Introduction
Sequence-to-sequence (seq2seq) language translation and Generative Pretrained Transformer (GPT) models are subcategories of Natural Language Processing (NLP) that utilize the Transformer architecture. Seq2seq models are typically using Long Short-Term Memory (LSTM) networks or encoder-decored based Transformers. In contrast, GPT is an autoregressive language model that uses decoder-only Transformer mechanism. The purpose of this chapter is to provide an overview of the decoder-only Transformer architecture.
The Transformer consists of stacks of decoder modules. A word embedding vector, a result of the word tokenization and embbeding, is fed as input to the first decoder module. After processing, the resulting context vector is passed to the next decodeer, and so on. After the final decoder, a softmax layer evaluates the output against the complete vocabulary to predict the next word. As an autoregressive model, the predicted word vector from the softmax layer is converted into a token before being fed back into the subsequent decoder layer. This process involves a token-to-word vector transformation prior to re-entering the decoder.
Each decoder module consists of an attention layer, Add & Normalization layer and a feedforward neural network (FFNN). Rather than feeding the embedded word vector (i.e., token embedding plus positional encoding) directly into the decoder layers, the Transformer first computes the Query (Q), Key (K), and Value (V) vectors from the word vector. These vectors are then used in the self-attention mechanism. Initially, the query vector is multiplied by the key vectors using matrix multiplication. The result is then divided by the square root of the dimension of the key vectors (scaled dot product) to obtain the logits. The logits are processed by a softmax layer to compute probabilities. The SoftMax prediction results are multiplied with the value vectors to produce a context vector.
Before feeding the context vector into the feedforward neural network, it is summed with the original word embedding vector (which includes positional encoding) via a residual connection. Finally, the output is normalized using layer normalization. This normalized output is then passed as input to the FFNN, which computes the output.

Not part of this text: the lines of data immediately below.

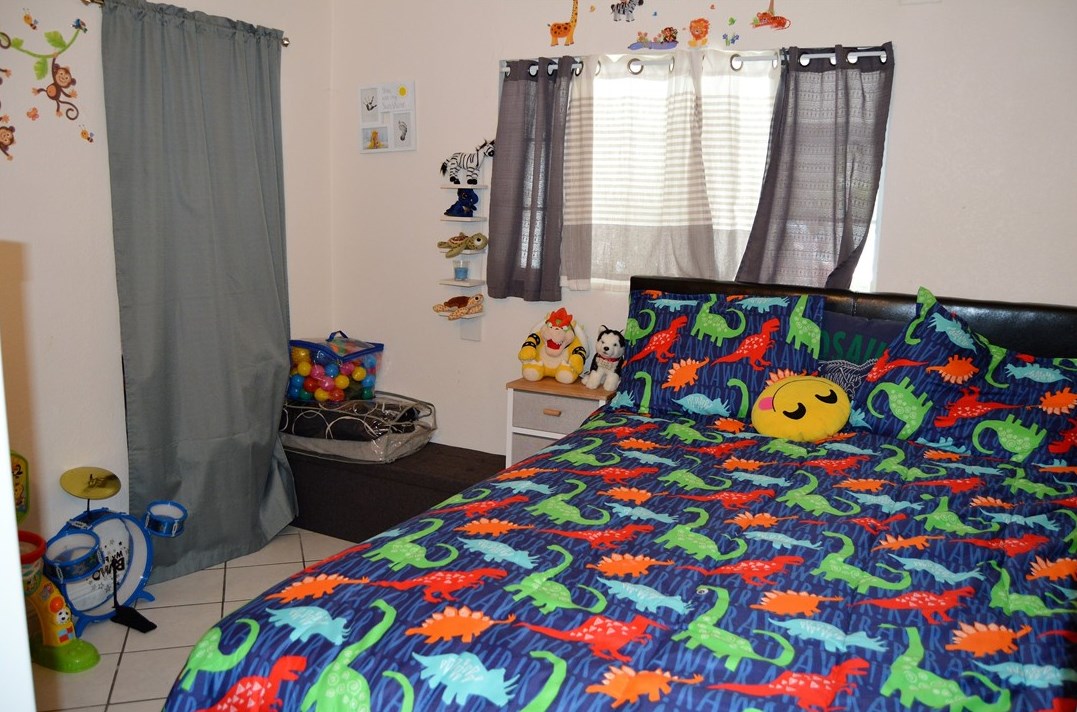 12857 Eustace St, Los Angeles CA  91331-1038 exterior
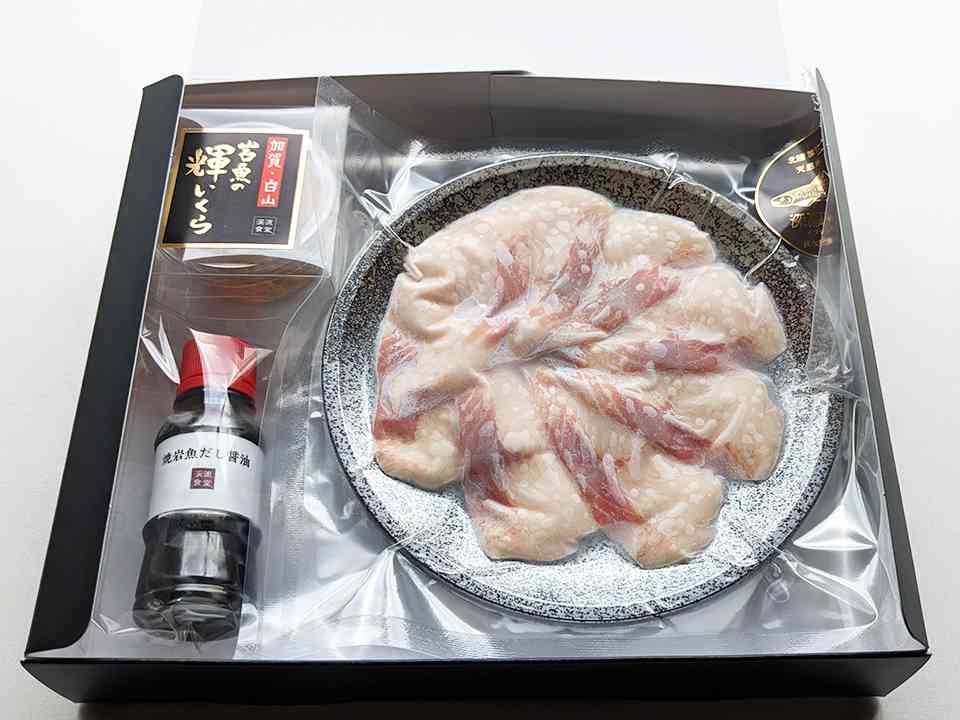 箱を開封した岩魚の親子丼セットとパンフレット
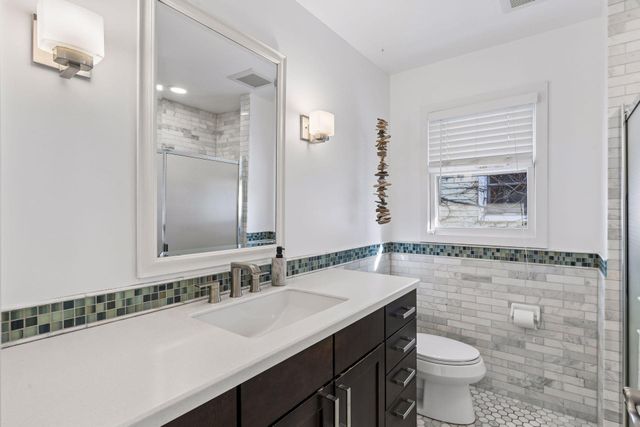 459 Madison Street NE, Minneapolis, MN 55413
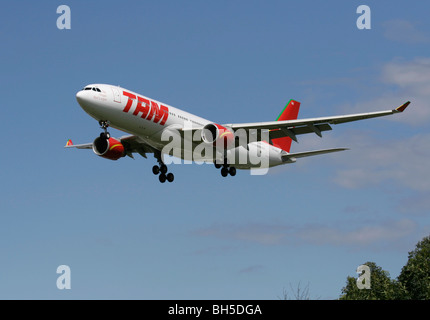 TAM Airlines Airbus A330-200 commercial widebody jet airliner on approach Stock Photo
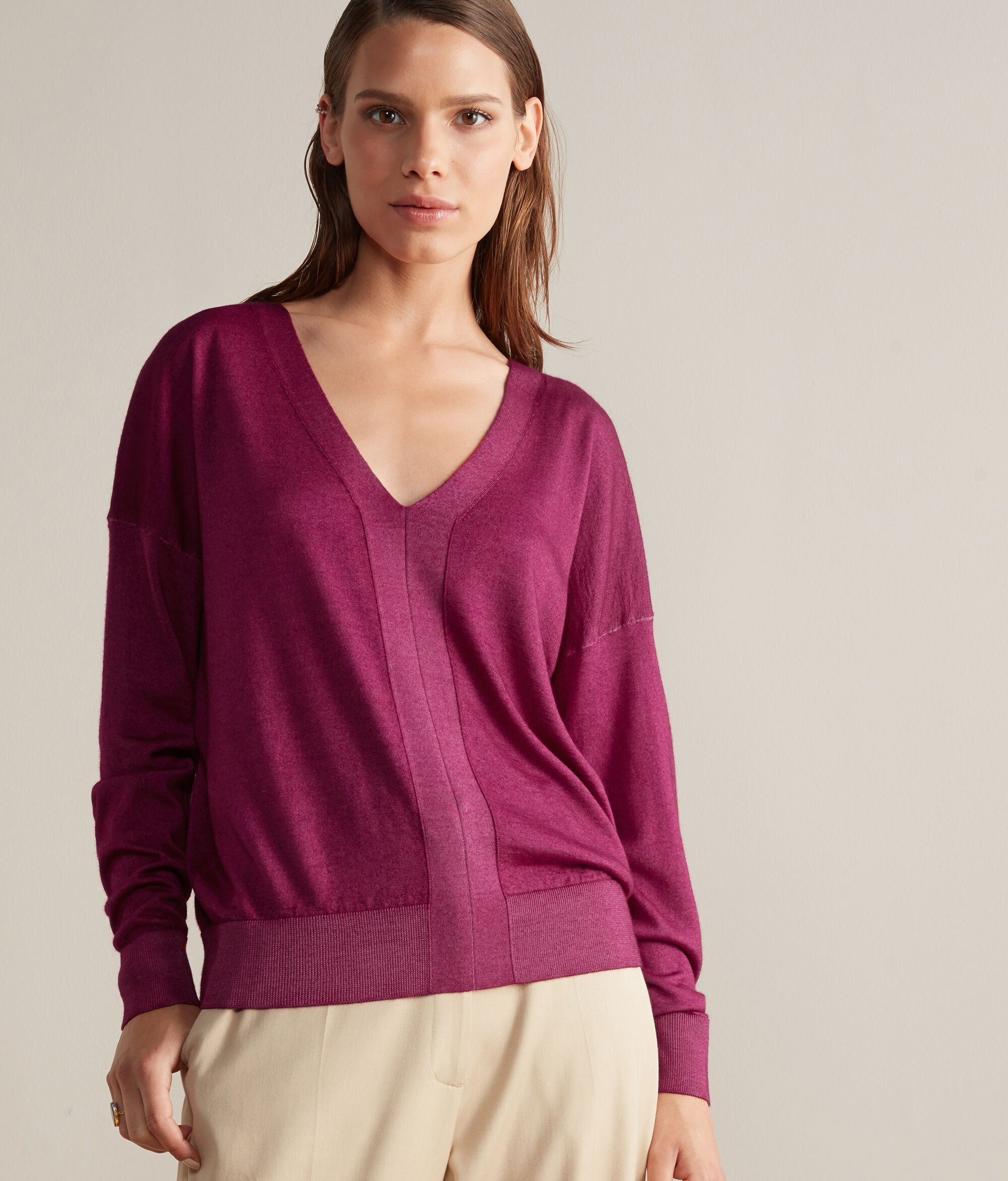 Pullover mit V-Ausschnitt aus Kaschmir Ultrafine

The basic architecture of the FFNN in the decoder is designed so that the input layer has as many neurons as the dimension of the context vector. The hidden layer, in turn, has four times as many neurons as the input layer, while the output layer has the same number of neurons as the input layer. This design guarantees that the output vector of the FFNN has the same dimension as the context vector. Like the attention block, the FFNN block also employs residual connections and normalization.
Figure 7-8: Decoder-Only Transformer Architecture.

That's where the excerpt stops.